▶ _EXERCISE_
Although the records include pictures, print only the rest, exactly as written.

▶ _MATERIAL PROVIDED_
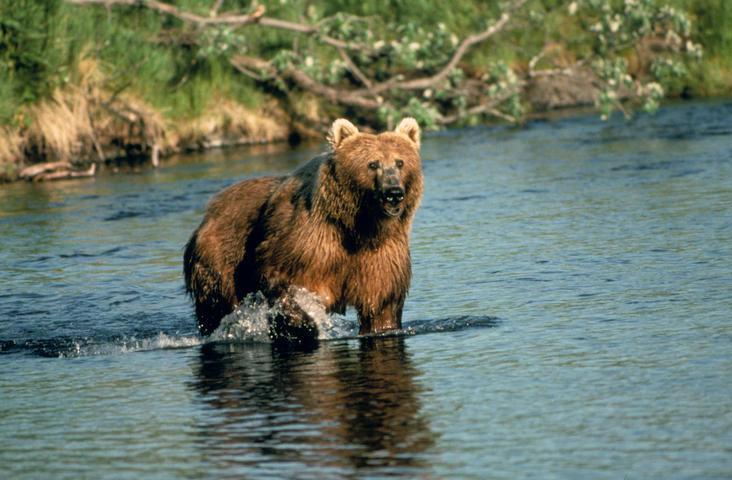 Ursus arctos Brown bear Physical Description 1)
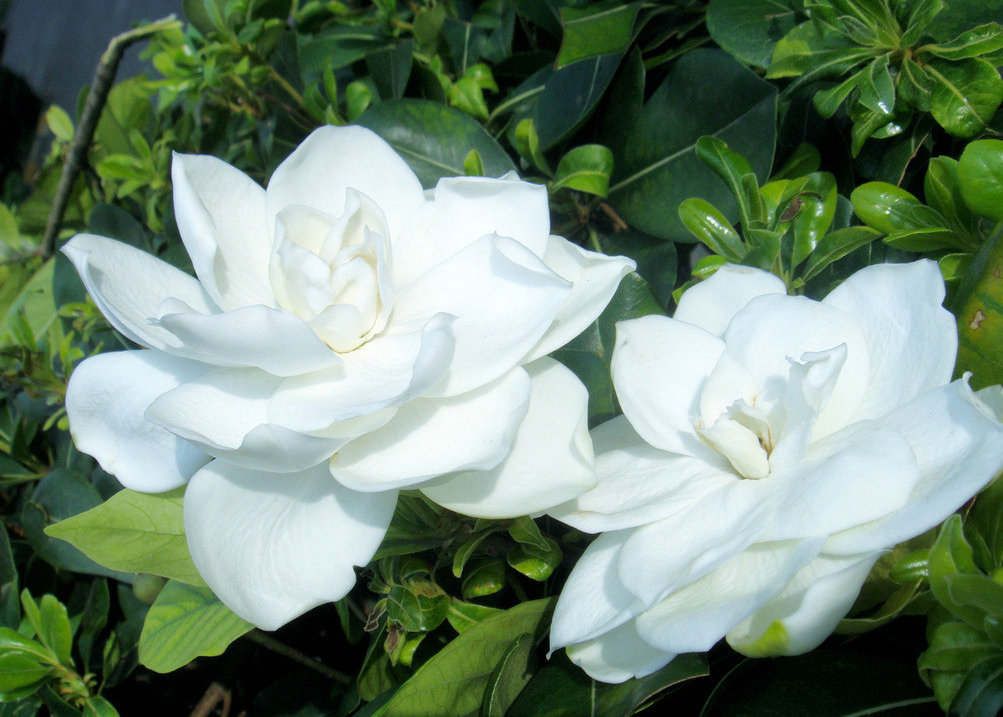 栀子花叶片发黄解决方法,栀子花叶片发黄怎么补救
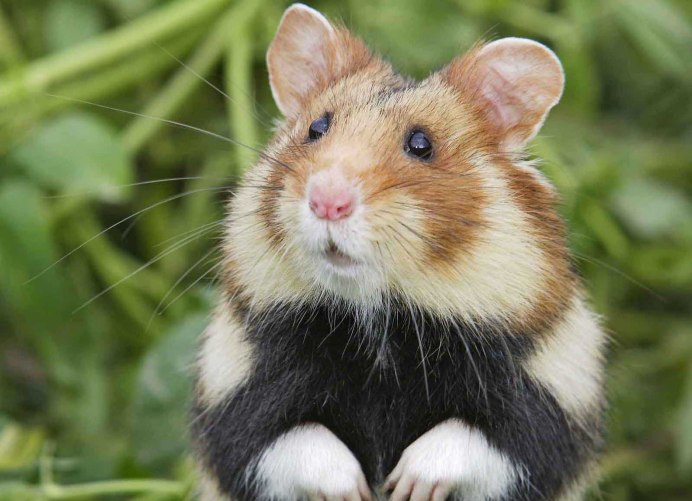 Сирийский хомяк Хома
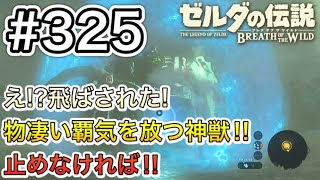 【#325】氷が厄介! 神獣ヴァ・ルッタ戦![ゼルダの伝説 ブレスオブザワイルド]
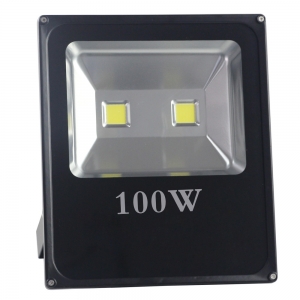 8018-100W-C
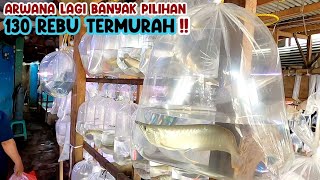 ARWANA LAGI BANYAK PILIHAN 130 REBU TERMURAH‼️UPDATE HARGA ARWANA & TANKMATE || PASAR PARUNG‼️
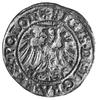 szeląg 1546, Gdańsk, Aw: Orzeł i napis, Rw: Herb Gdańska i napis, Kop.II.8, Gum.555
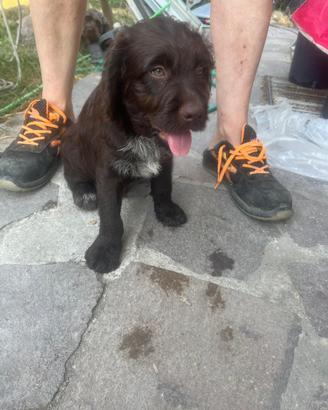Mix Lagotto - Labrador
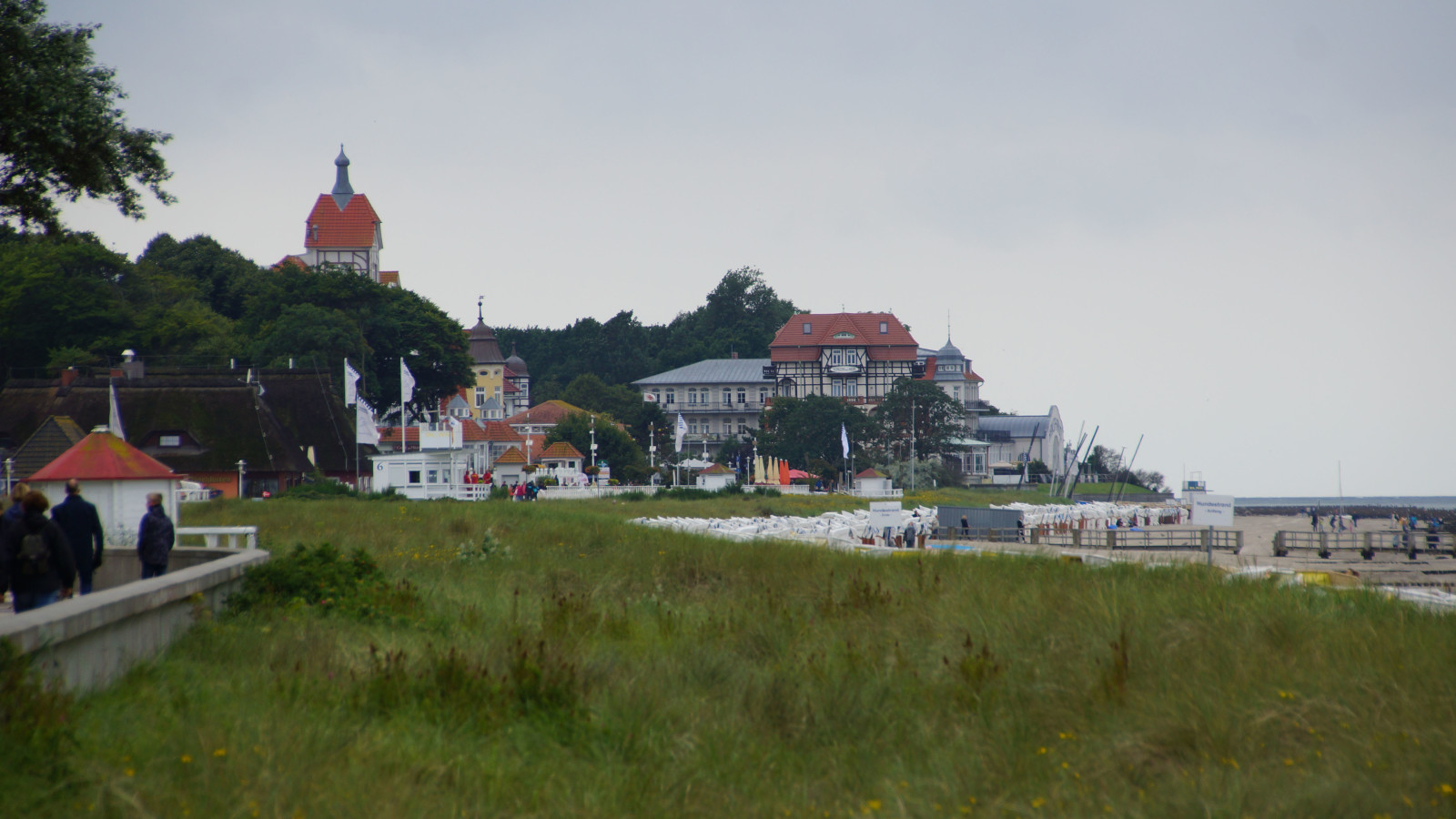 DSC08424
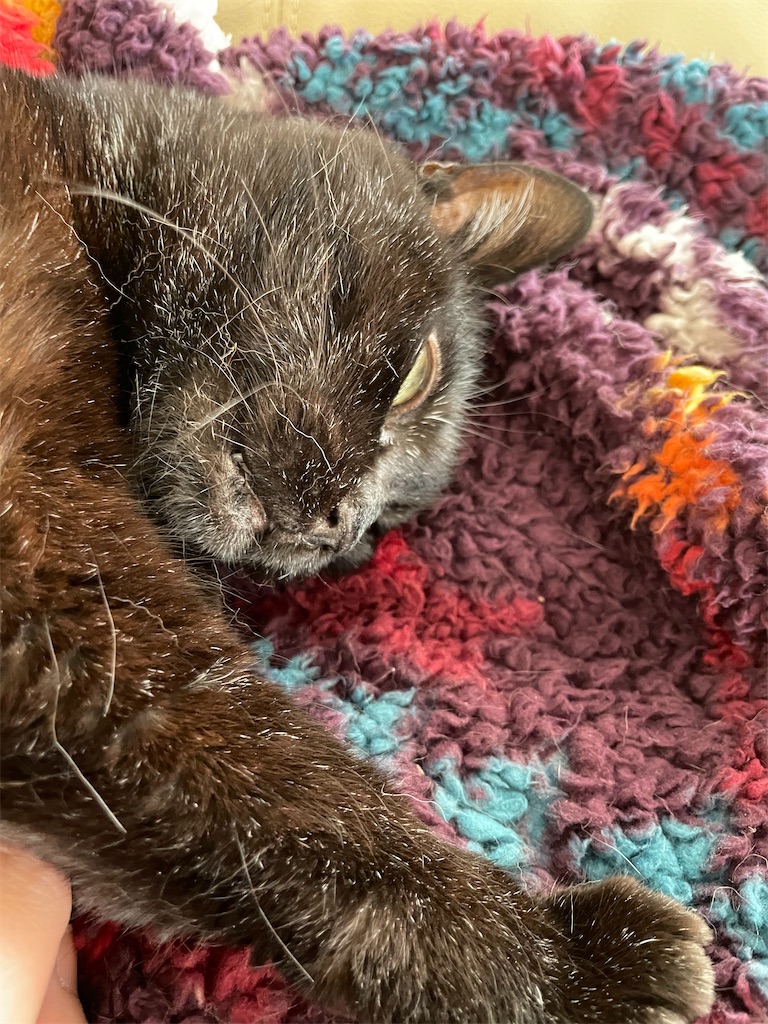 f:id:hiraryo0201:20230331124618j:image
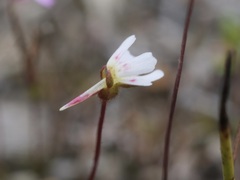 Stylidium calcaratum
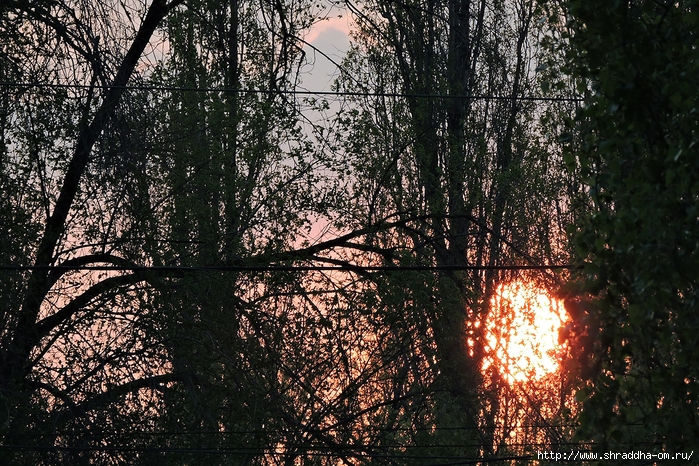 04 апрель, весна в Воронеже (59) (700x466, 441Kb)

▶ _RESULT_
 Ursus arctos Brown bear Physical Description 1)
 栀子花叶片发黄解决方法,栀子花叶片发黄怎么补救
 Сирийский хомяк Хома
 【#325】氷が厄介! 神獣ヴァ・ルッタ戦![ゼルダの伝説 ブレスオブザワイルド]
 8018-100W-C
 ARWANA LAGI BANYAK PILIHAN 130 REBU TERMURAH‼️UPDATE HARGA ARWANA & TANKMATE || PASAR PARUNG‼️
 szeląg 1546, Gdańsk, Aw: Orzeł i napis, Rw: Herb Gdańska i napis, Kop.II.8, Gum.555
Mix Lagotto - Labrador
 DSC08424
 f:id:hiraryo0201:20230331124618j:image
 Stylidium calcaratum
 04 апрель, весна в Воронеже (59) (700x466, 441Kb)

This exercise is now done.